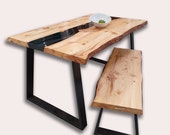Epoxy River Table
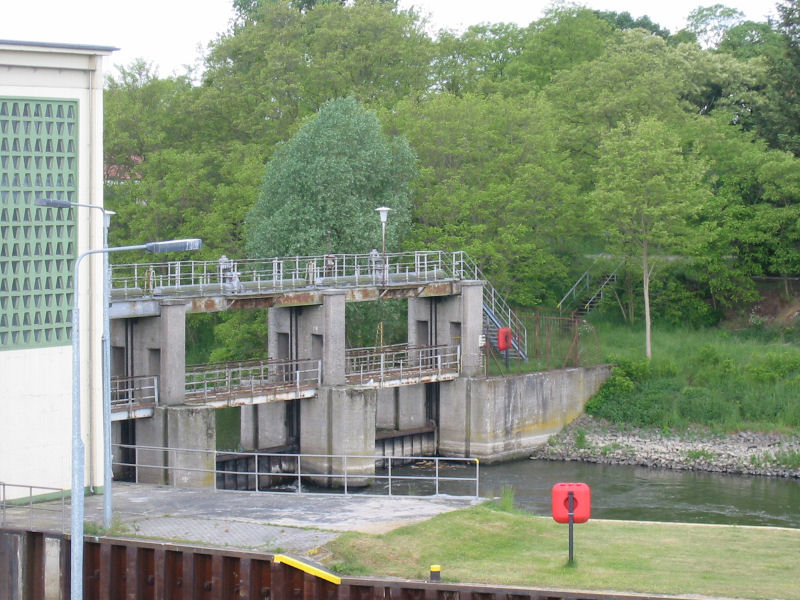 Wehr Hohensaaten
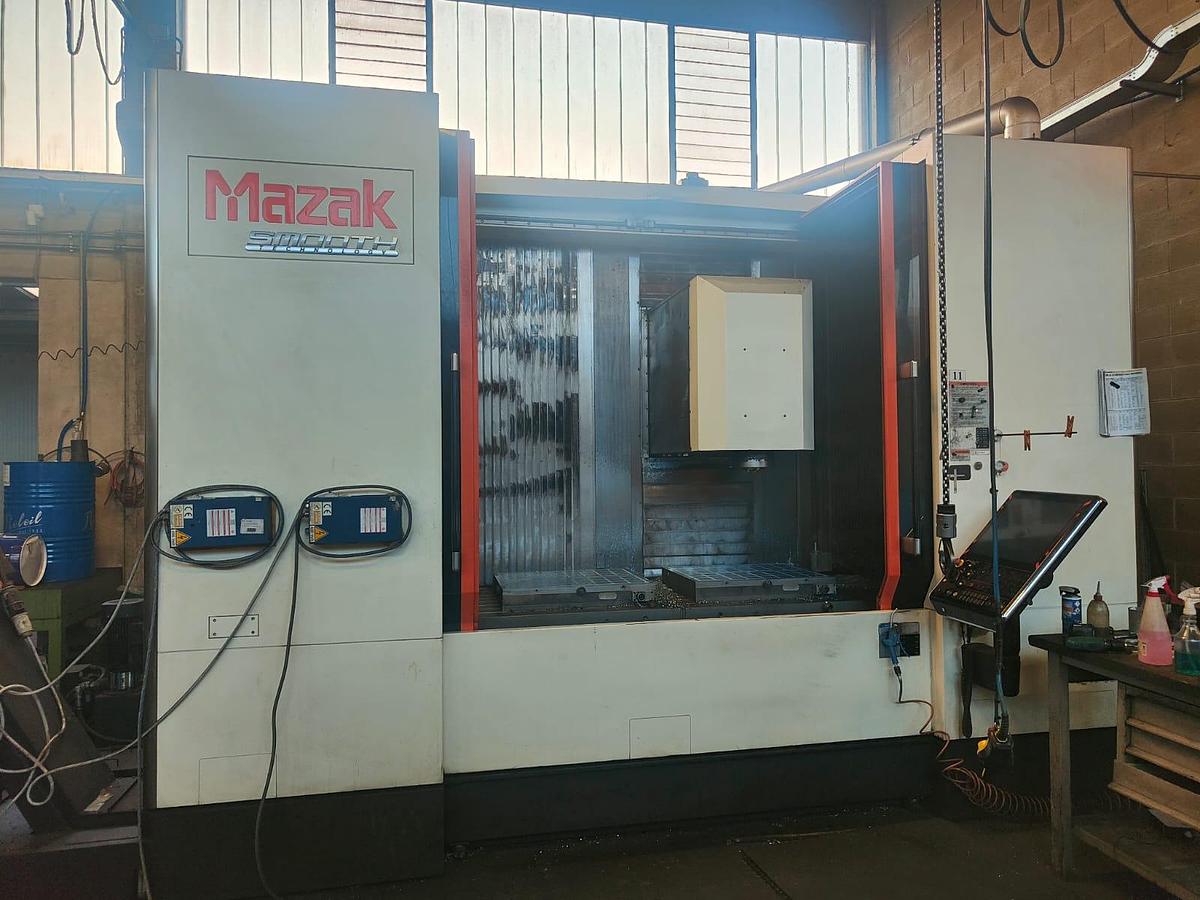 Used 2017 MAZAK VTC 800/20HD-iso 50-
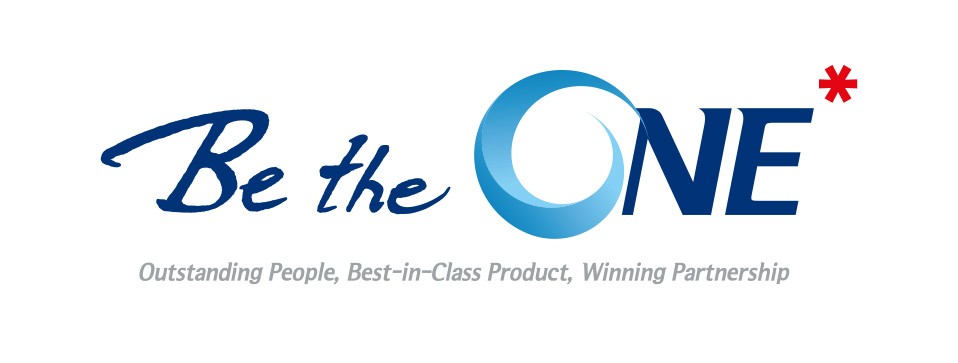 LS MTRON的愿景是“Be the ONE* 最佳人才，1等产品，胜利的伙伴关系”。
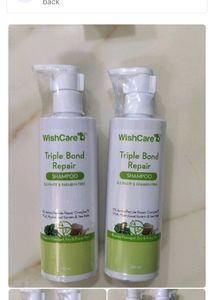 2 WishCare Triple Bond Repair Shampoo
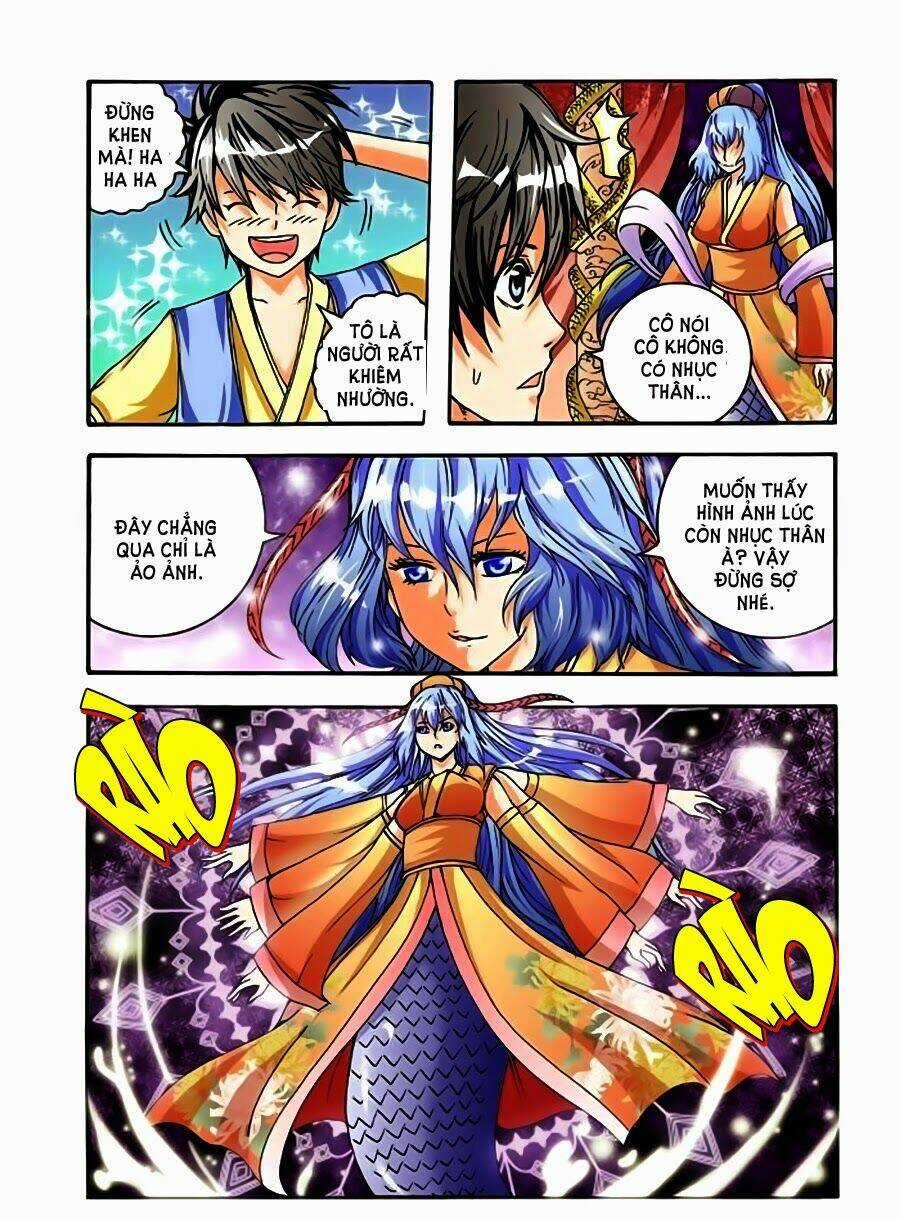 Triệu Hoán Vạn Tuế Chapter 17 trang 16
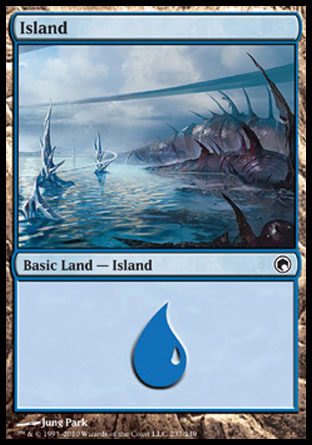 Island | Scars of Mirrodin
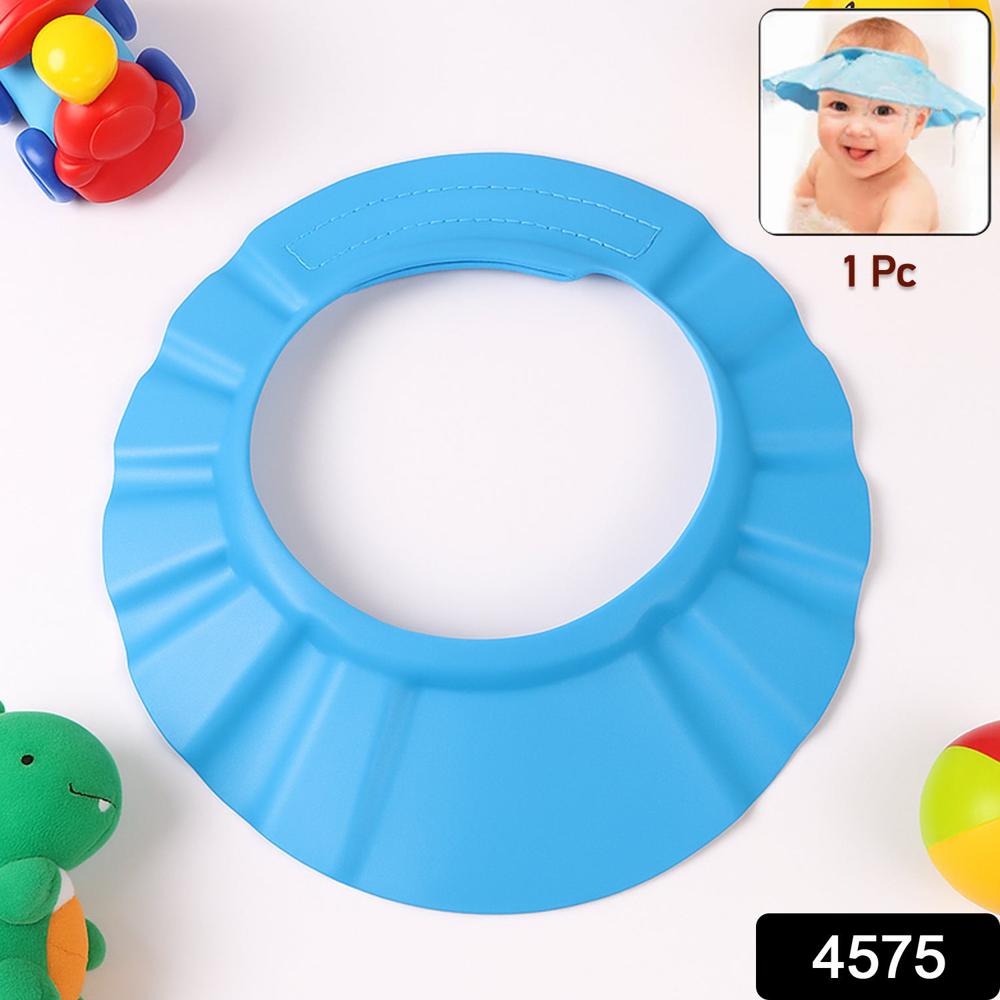 Adjustable Baby Shower Cap / Hat (1 Pc) - Color: Mixed Material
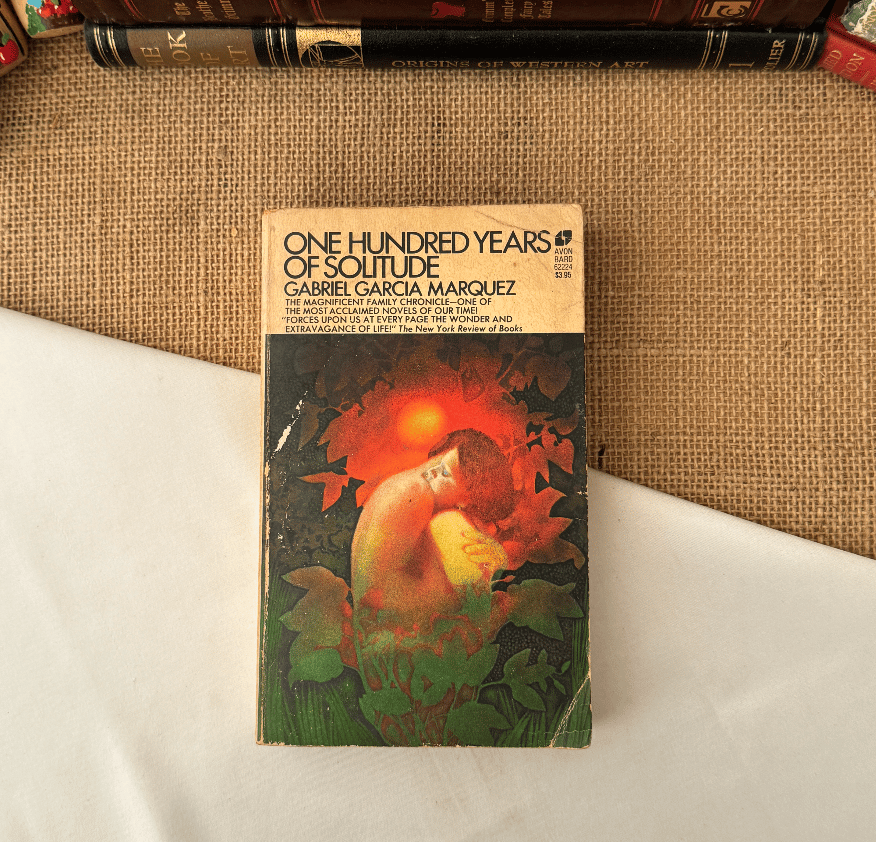 İlk Baskı One Hundred Years of Solitude by Gabriel Garcia Marquez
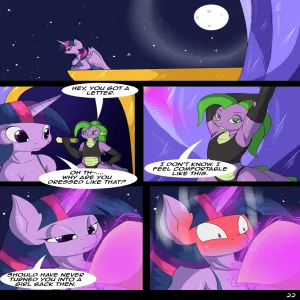 Temptation 7 - Lingering Temptation - page 23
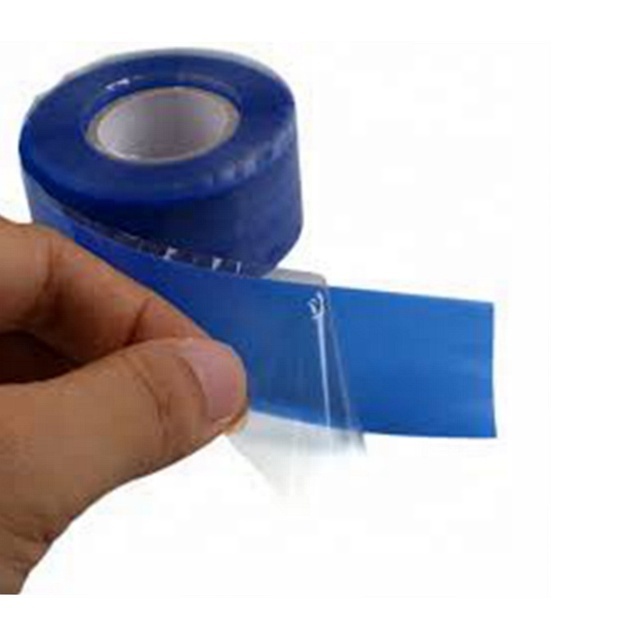 Resistant high temperature waterproof self fusing silicone black rubber insulation heat tape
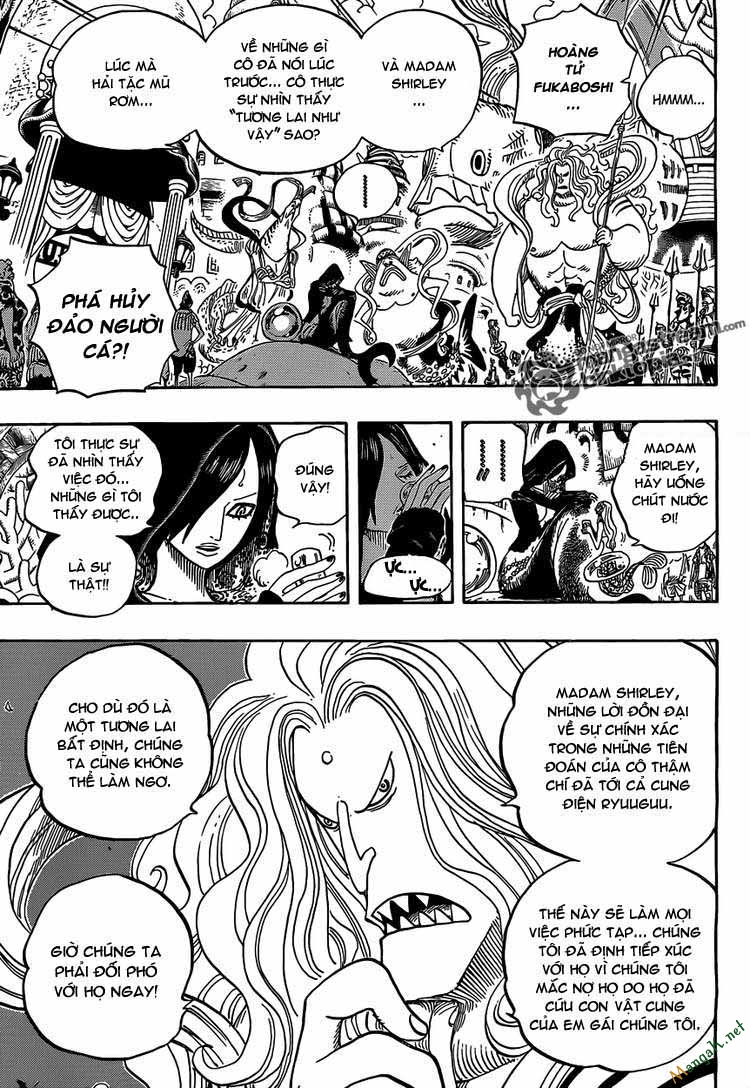 One Piece - Chương 612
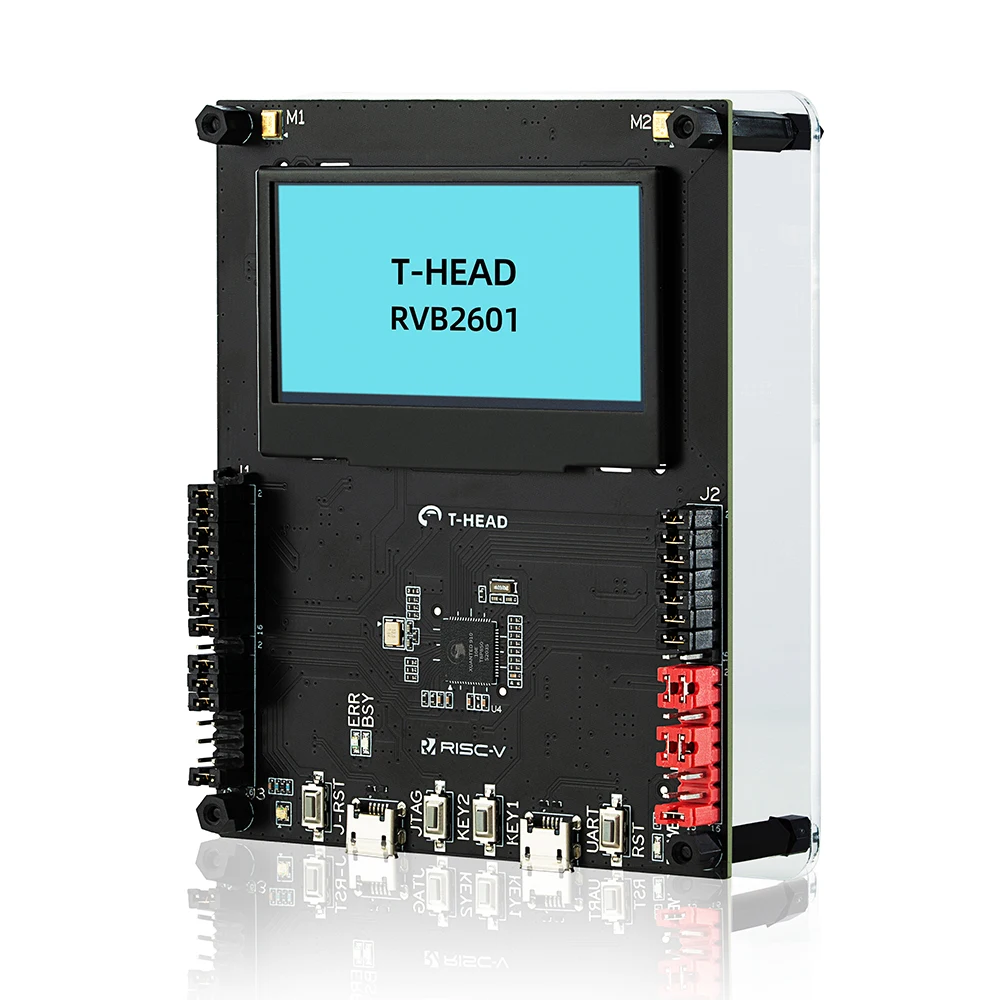 Placa de desarrollo RVB2601, cabezal en T Xuantie E906 RISC-V Core, 220MHz, compatible con cosas AliOS y otros sistemas RTOS - imagen 3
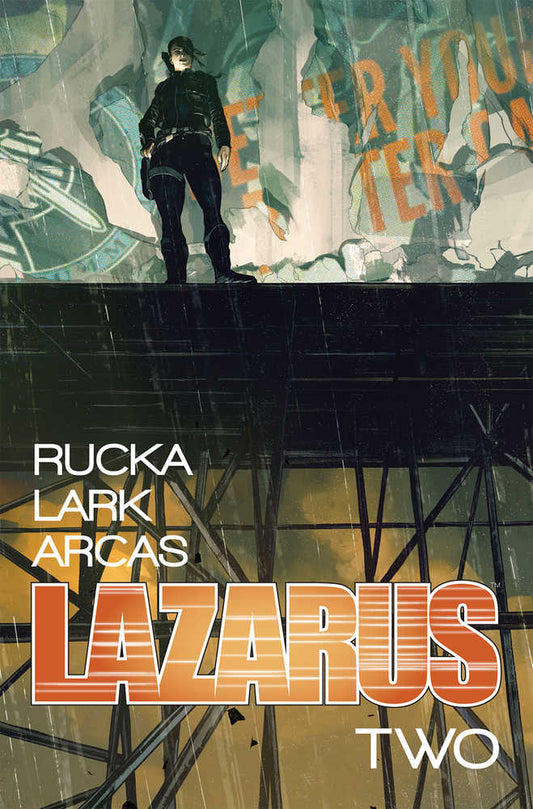 Lazarus TPB Volume 02 Lift (Mature)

________

Although the records contain pictures, restate them word for word with those pictures left out.

## YOUR RESPONSE:
Epoxy River Table
 Wehr Hohensaaten
 Used 2017 MAZAK VTC 800/20HD-iso 50-
 LS MTRON的愿景是“Be the ONE* 最佳人才，1等产品，胜利的伙伴关系”。
 2 WishCare Triple Bond Repair Shampoo
 Triệu Hoán Vạn Tuế Chapter 17 trang 16
 Island | Scars of Mirrodin
 Adjustable Baby Shower Cap / Hat (1 Pc) - Color: Mixed Material
 İlk Baskı One Hundred Years of Solitude by Gabriel Garcia Marquez
 Temptation 7 - Lingering Temptation - page 23
 Resistant high temperature waterproof self fusing silicone black rubber insulation heat tape
 One Piece - Chương 612
 Placa de desarrollo RVB2601, cabezal en T Xuantie E906 RISC-V Core, 220MHz, compatible con cosas AliOS y otros sistemas RTOS - imagen 3
 Lazarus TPB Volume 02 Lift (Mature)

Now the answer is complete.